◆ **ACTIVITY**: Nothing should appear in the answer except the line containing "探秘安庆龙门古镇,千年古韵，传承不息" and the lines following it through the end of the listing, each given exactly.

◆ **SOURCE MATERIAL**:
################
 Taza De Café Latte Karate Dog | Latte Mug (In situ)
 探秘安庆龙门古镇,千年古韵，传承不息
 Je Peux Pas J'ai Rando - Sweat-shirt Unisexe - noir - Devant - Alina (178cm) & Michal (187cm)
################
◆ **RESPONSE FOR THIS EXERCISE**:
 探秘安庆龙门古镇,千年古韵，传承不息
 Je Peux Pas J'ai Rando - Sweat-shirt Unisexe - noir - Devant - Alina (178cm) & Michal (187cm)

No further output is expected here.